▶ _Instructions for the task_: Exclude every picture. Output verbatim the lines from the one containing "Eichstetter Tal: Blick Totenkopf Kaiserstuhl" to the end of the data.

[Start of section]

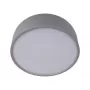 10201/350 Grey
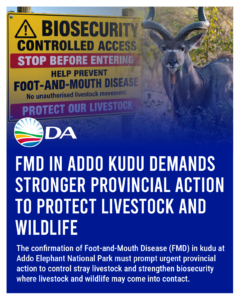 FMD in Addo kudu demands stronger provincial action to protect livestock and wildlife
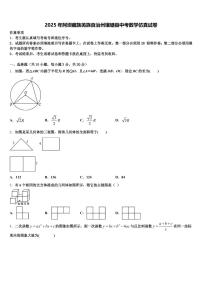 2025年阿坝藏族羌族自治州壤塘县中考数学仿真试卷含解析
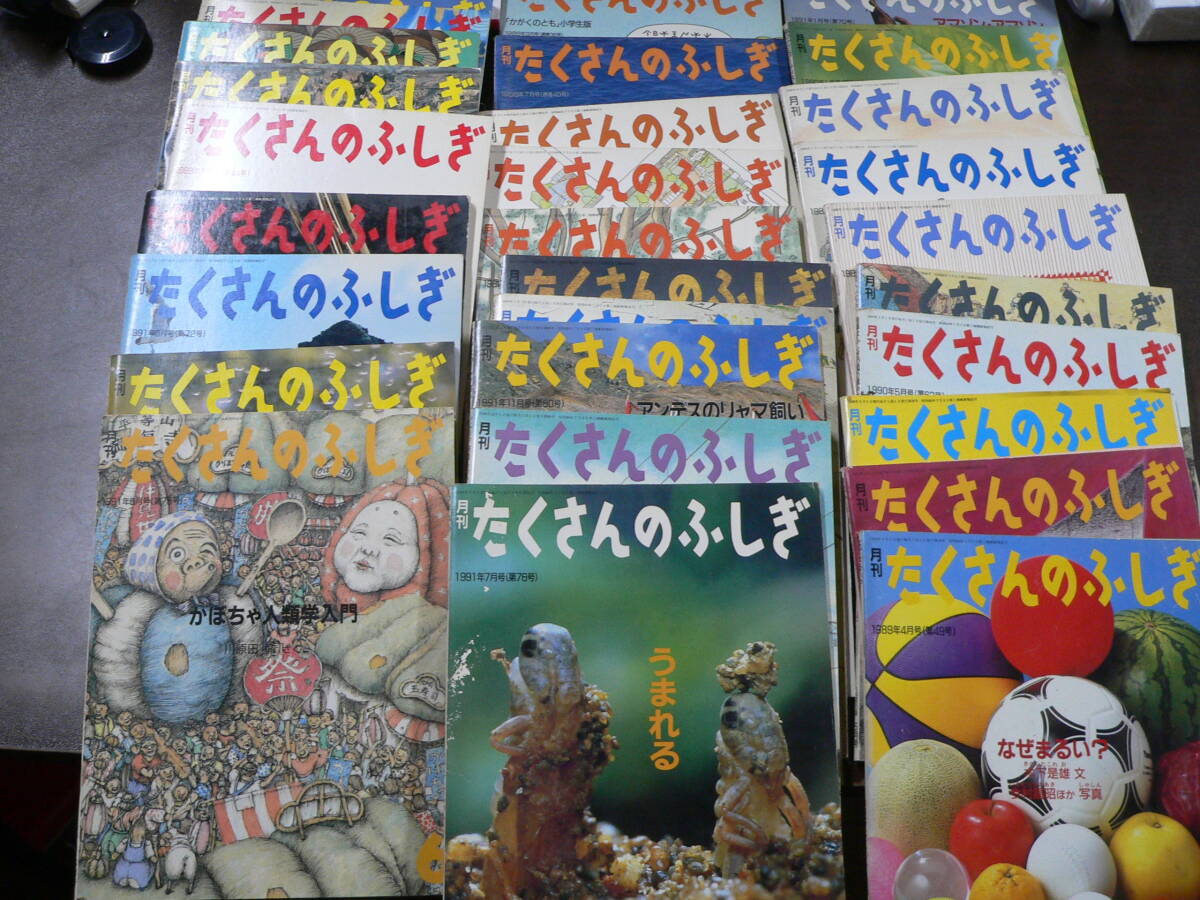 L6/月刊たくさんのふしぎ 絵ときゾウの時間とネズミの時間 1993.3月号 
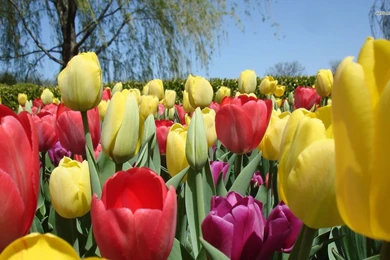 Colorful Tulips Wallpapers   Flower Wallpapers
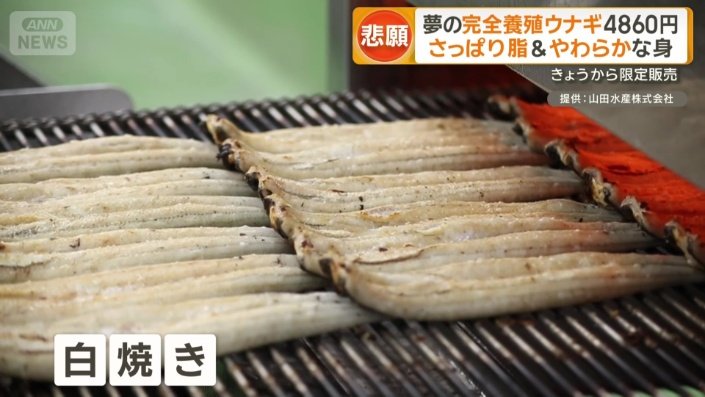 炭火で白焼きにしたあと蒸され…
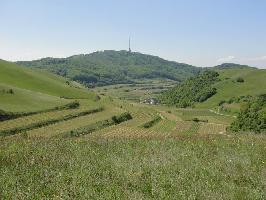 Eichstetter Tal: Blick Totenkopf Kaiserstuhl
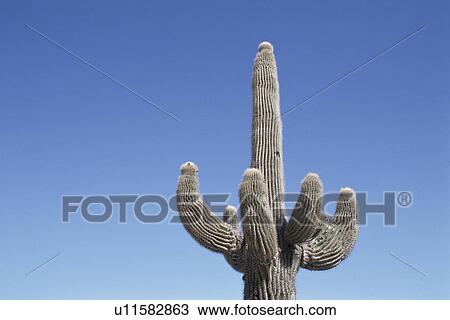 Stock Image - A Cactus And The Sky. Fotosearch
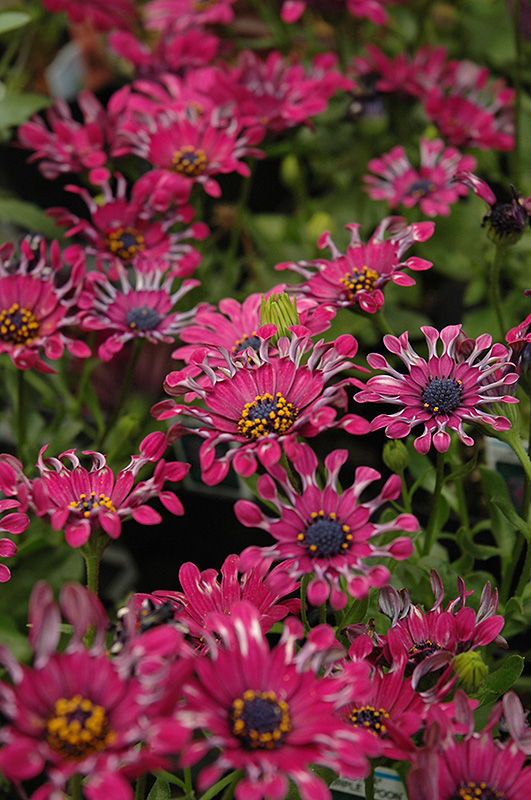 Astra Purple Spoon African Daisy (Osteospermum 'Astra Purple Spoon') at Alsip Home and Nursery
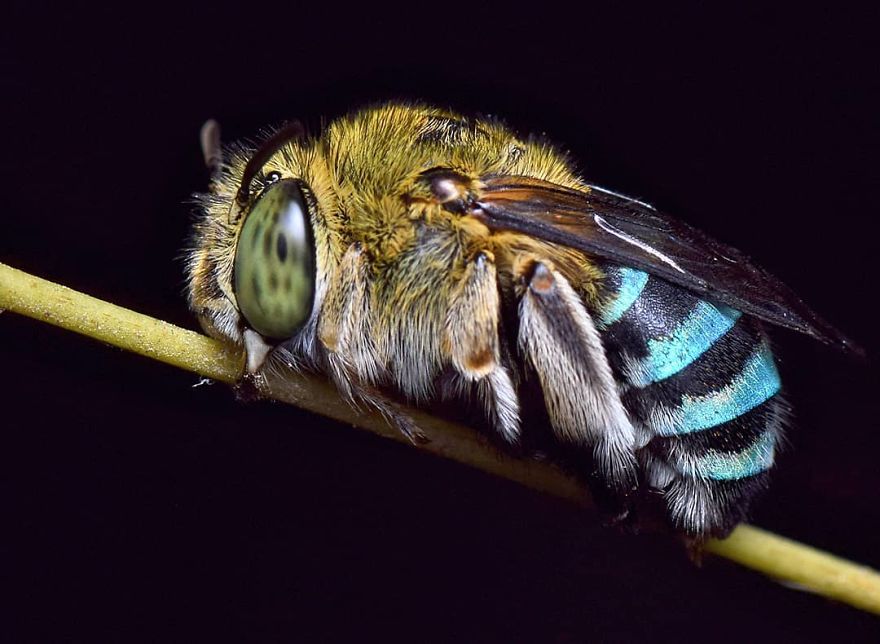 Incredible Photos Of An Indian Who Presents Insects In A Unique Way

[End of section]

▶ _Result below_:
 Eichstetter Tal: Blick Totenkopf Kaiserstuhl
 Stock Image - A Cactus And The Sky. Fotosearch
 Astra Purple Spoon African Daisy (Osteospermum 'Astra Purple Spoon') at Alsip Home and Nursery
 Incredible Photos Of An Indian Who Presents Insects In A Unique Way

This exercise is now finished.